Three years later, the GRU joined the Putin-ordered operation to damage or defeat Clinton. Working out of a building on Komsomolsky Prospekt in Moscow, a GRU cyber-operative named Aleksey Lukashev sent a spearphishing email to Clinton campaign chairman John Podesta on March 19, 2016. Lukashev had used a popular online service for shortening website addresses to help mask his baited missive and make it look like a legitimate security notification from Google. The breach was enabled when one of Podesta’s aides saw a supposed security warning from Google and had asked a computer technician to evaluate it. “This is a legitimate email,” the technician wrote. “John needs to change his password immediately.” With the ensuing mouse click, Russia gained access to a trove of messages stored on Podesta’s account.12 Within two days, Lukashev and his GRU unit had made off with more than 50,000 emails.
Lukashev was part of a GRU hacking group designated by its unit number, 26165. That same month, the hackers began probing the DNC network for gaps in defenses, seemingly oblivious to the fact that another Russian intelligence service was already rummaging through the files.
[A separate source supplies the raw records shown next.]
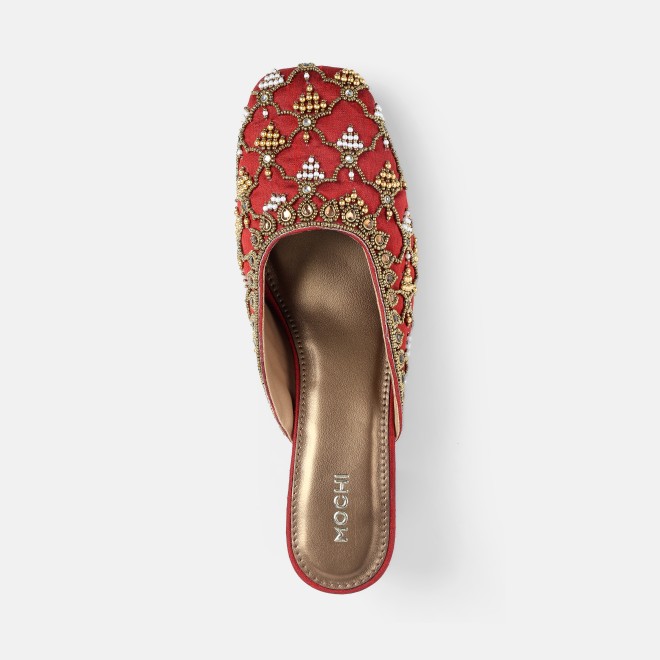 Mochi Women Maroon Wedding Slip Ons (SKU: 35-2624-44-36)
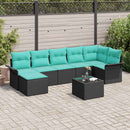 Havesofa Sæt 8 stk. Sort polyrattan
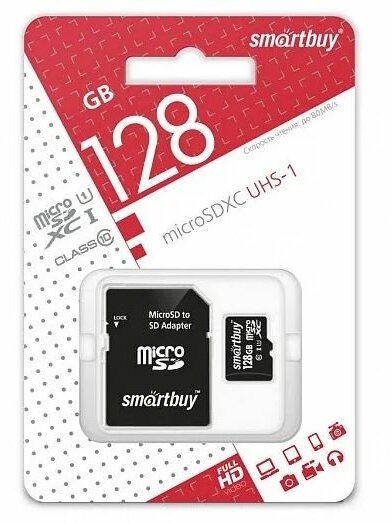 Карта Памяти Smart Buy micro SDXC 128GB Class10 UHS-I (с адаптером SD)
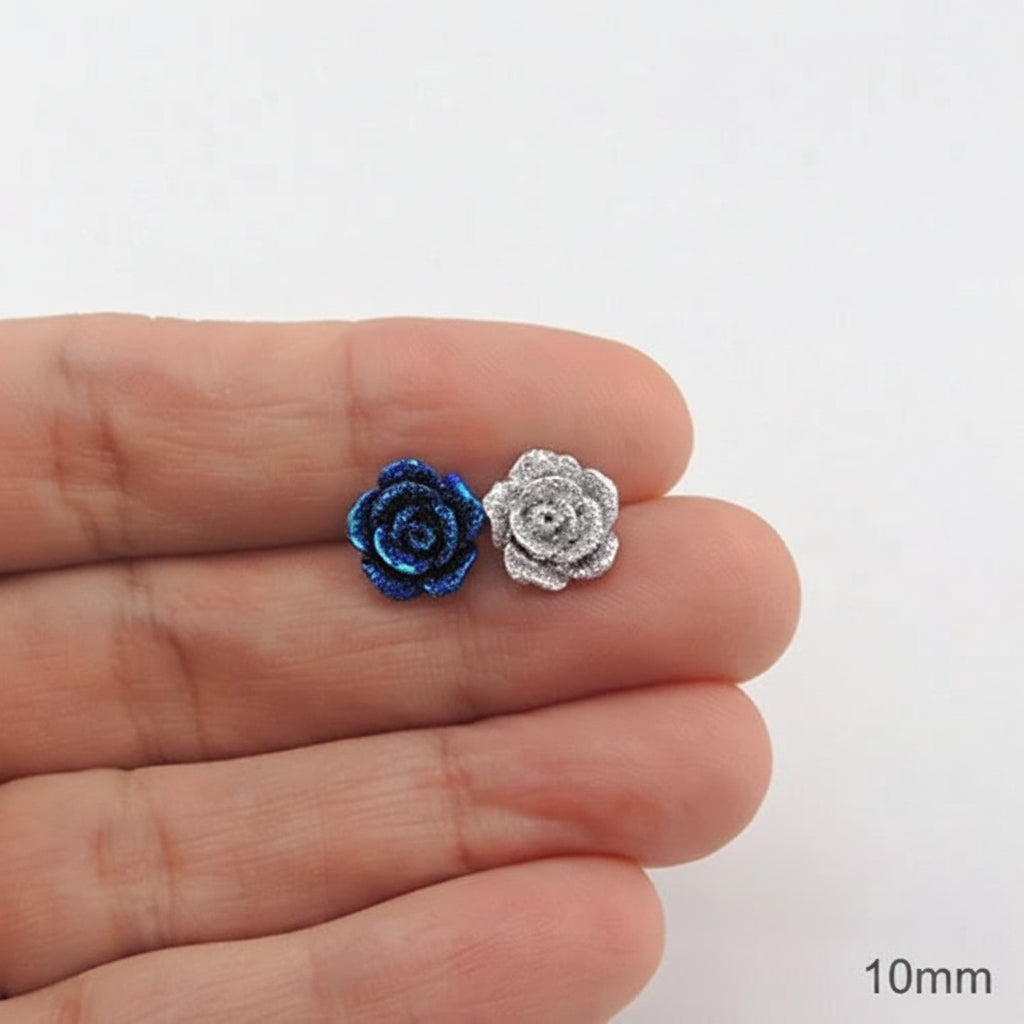 Glitter Rose Stud Earrings, 2 Sizes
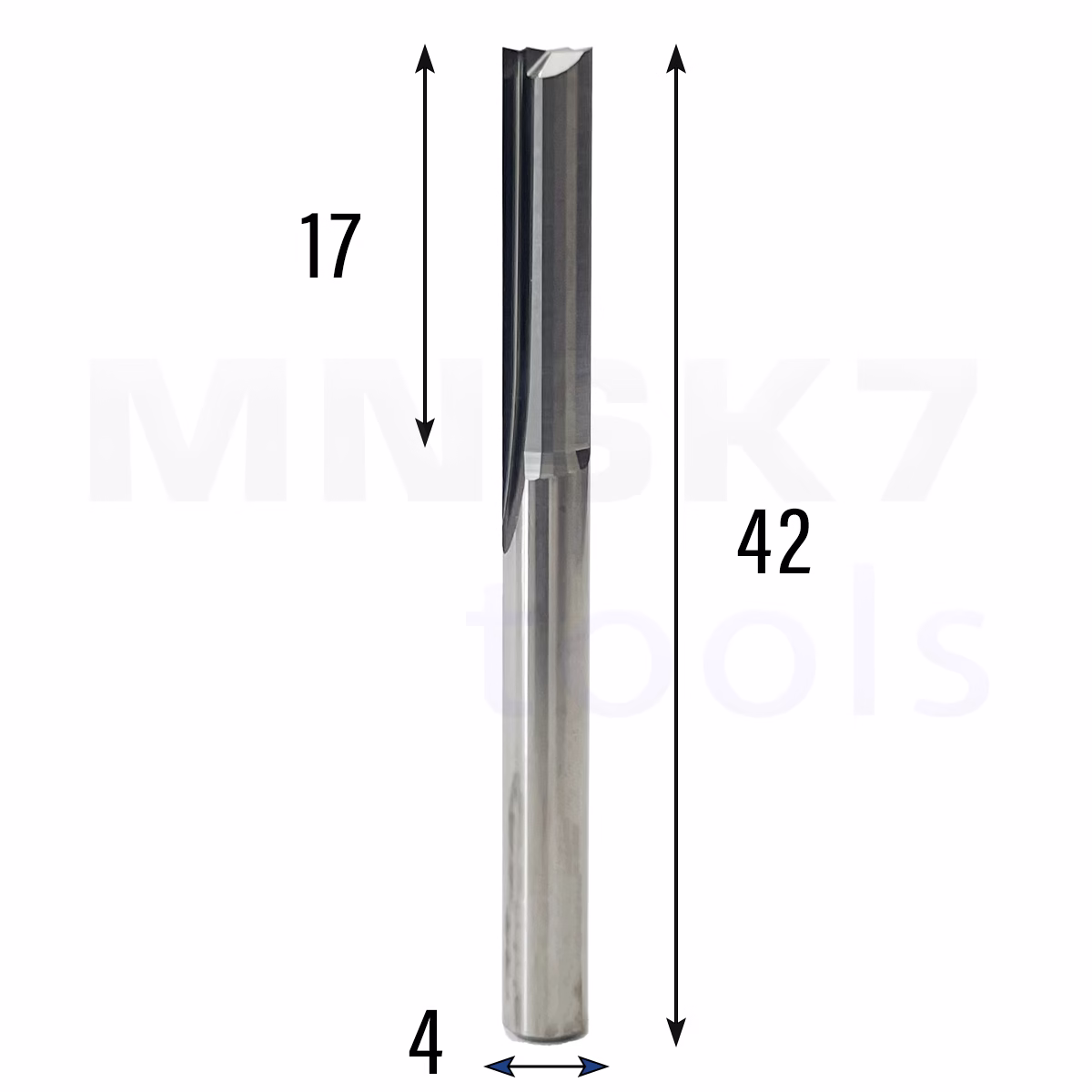 Frez prosty do drewna 2P | fi 4 mm x 17 mm x 42 mm | CNC VHM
U.S. spies said it was not uncommon for Putin to unleash separate agencies on the same target. In April, the Russian unit found an indirect route into the DNC system, stealing the computer credentials of an employee at a sister organization, the Democratic Congressional Campaign Committee, which occupied the same office and worked to help elect congressional candidates. Another spearphishing operation did the trick, luring the DCCC employee into clicking a link that effectively gave the GRU the keys into the network.
Once inside, Lukashev’s group installed a program known as X-Agent malware on at least ten DCCC machines, enabling them to steal passwords and data from other employees, and even monitor their keystrokes and take photos of their computer screens as they typed away unsuspectingly. The hackers tried to hide their tracks by transmitting the pilfered information to a server the GRU had leased in Arizona (paid for not with rubles or dollars but with bitcoin cryptocurrency).